Hay un tren dormitando en la estación, sus pulmones de metal exhalan humo, es la señal de un despertar, el primer bostezo. El maquinista pone a punto sus engranajes ya algo oxidados, la máquina se estremece ante el silbido potente de una bocina que no esconde un corazón nuevo. El humo es denso, el aire huele a carbón marchito, carbón antiguo confundido con el nuevo que llena su interior. La máquina, confundida con tan espesa bruma, parece soñar, recordando pretéritos viajes, cuando sus engranajes perfectamente engrasados y su caldera rugían pidiendo más carbón que le permitiera galopar impetuosamente el camino de hierro.
Habían sido mucho viajes los que sus bielas habían recorrido, portando dentro de sí pasajeros de todo tipo, variopintos, diferentes clases sociales, razas, culturas y religiones, habían viajado en el interior del único vagón que arrastró en su ya larga existencia.
También transportó equipajes a diferentes destinos, maletas llenas de risas, baúles de lluvia desconsolada, arcones de indiferencia, vasijas de cicatrices, barriles de decepciones, botellas llenas de besos, cajitas de metal repletas de caricias; incluso en una ocasión un corazón enamorado oculto en los bolsillos de un vagabundo con mal aspecto.

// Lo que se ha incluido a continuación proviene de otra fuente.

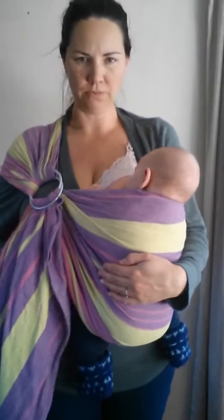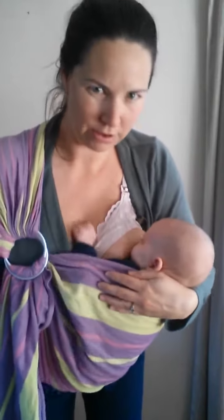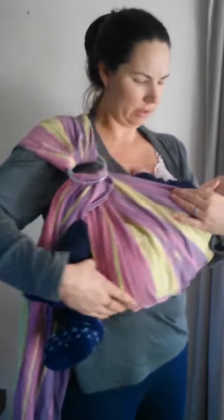Or if your baby prefers to be in a cradle style position, you can put your hand inside the ring sling, holding his bottom, leaning forward slightly. Shift his bottom around so his legs are now coming out to the side.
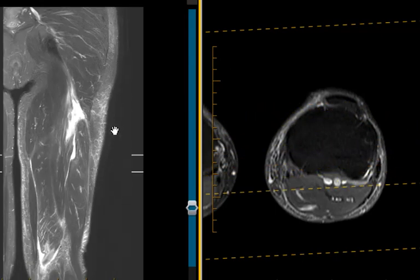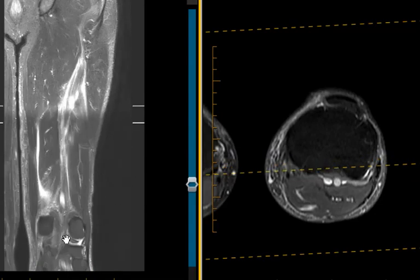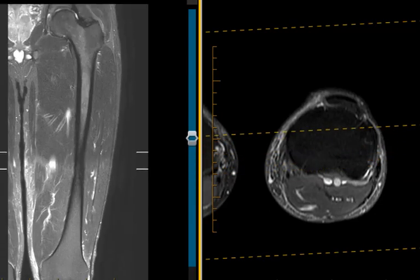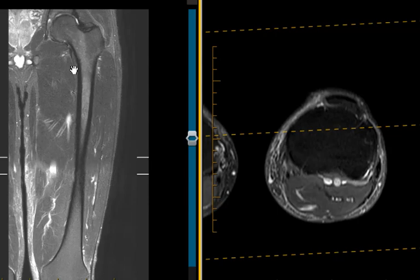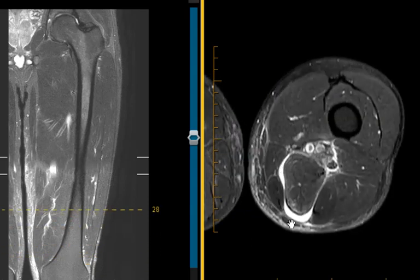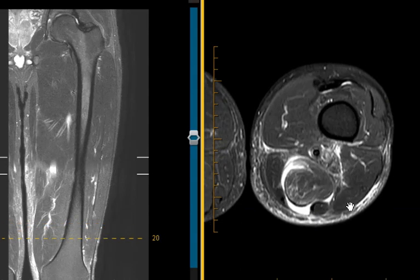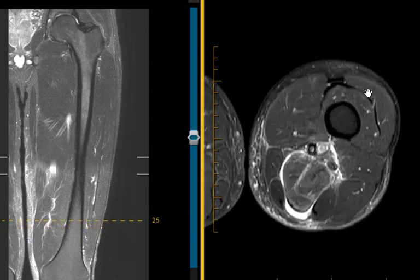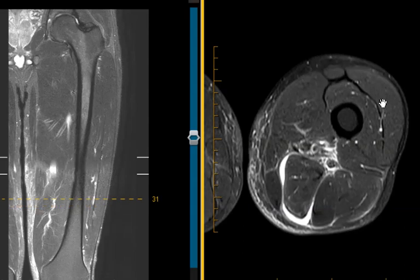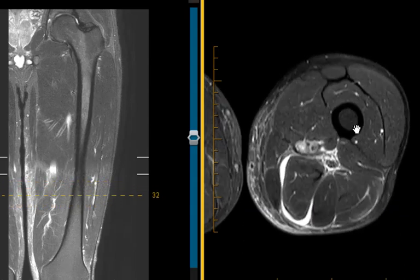This is a view of the thigh. This is called a coronal image, where the top is here and the bottom is here. We can see the knee joint down below, and if we slide the patient down, this is the hip up here, so we see the whole thigh. This is called an axial view, where we're slicing in short axis. We can see the back of the muscles here — that brightness is where there's tearing of the hamstring muscles. The muscles up front, the quadriceps muscles, look nice and dark and uniform. This is the bone, the femur.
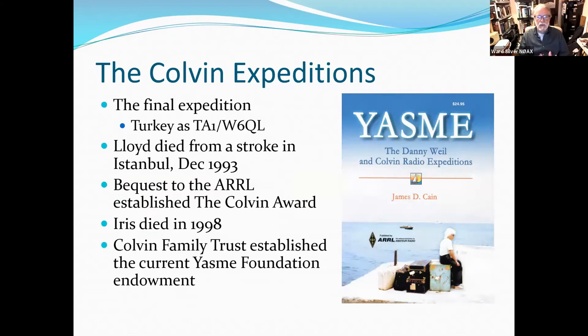Lloyd died from a stroke on his final expedition in December 1993, and at that point Iris decided to shut it down as well. They made a sizable bequest to the ARRL, which established the Colvin Award, awarded every year to a highly regarded expedition. Iris finally died in 1998, and the Colvin Family Trust sold an apartment building and established the current Yasme Foundation endowment. The Colvins have been instrumental all along in establishing and funding the foundation.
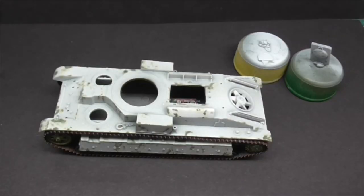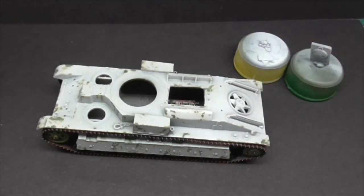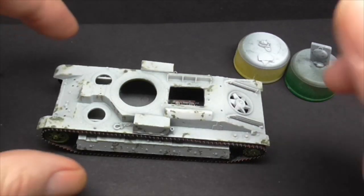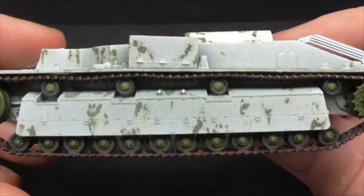Right guys, thanks for joining me down here at the workbench. Let's have a look at this tank. In fact, let me actually put my glasses on and I might be able to look at the tank as well. That's better. Age is a killer guys. Right, here is the tank so far.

Ahora, pese a los esfuerzos del experto maquinista, la máquina mostraba una decrepitud absoluta, su aspecto recordaba lo que fue, aunque obviamente ya no era.
Esta triste noche todos los cuervos habían acudido a su presencia, quizás para observar la muerte del caballo metálico que antaño envidiaban por el brillo de sus cromados que ya quedaron opacos; o quizás para destripar su cuerpo una vez inerte. La máquina llenaba de vapor sus viejos conductos intentando restañar su viejo latido. Demandando su ilusión primera, buscando ese primer latido. Ese dulce cosquilleo que produce un beso de luna.
La estación, la vieja estación. Aquella construcción que surgía junto al camino de plata vieja y sueños desesperados había sido un sitio de encuentro, de celebraciones y exposiciones que gritaron al viento en las noches de verano.
Antaño cuidada y mimada por la compañía del ferrocarril, se encontraba en aspecto ruinoso. Su silencio, amordazaba un pasado ajetreado y vertiginoso; ahora era tan sólo el eco de tiempos pasados que pinchaban su estómago, para acabar soltando una lágrima que babosa y salada cortaría su mejilla.
La estación miraba asombrada aquella vetusta máquina de vapor, aquel cuerpo de metal cansado, aquel corazón, cansado de latir.
Todo era noche y las luces de aquel viejo cuerpo disolvían la bruma mostrando el camino de plata vieja, que se erguía incierto y desolado.
El Jefe de estación, salió de su oficina llevando en su mano izquierda un banderín rojo ya raído, deshilachado por el uso. Caminó longitudinalmente por el deshabitado andén, apartando el humo que la máquina había escupido en su primer bostezo, saludó al maquinista levantando el banderín y éste le devolvió un saludo manchado de carbonilla.
En el caminar por el andén, hizo un intento de espantar a los fúnebres cuervos, que se quedaron inmóviles haciendo caso omiso de las estériles advertencias del Jefe de estación.
Todo era noche, todo estaba impregnado de mil esencias, a lo lejos el incierto camino de plata vieja.
Un amanecer repentino lleno de espumas de mar, sonríe al viejo cuerpo de acero y carne en un guiño inesperado. La oxidada máquina le responde:
¿Cómo te atreves a despeinar mi tristeza?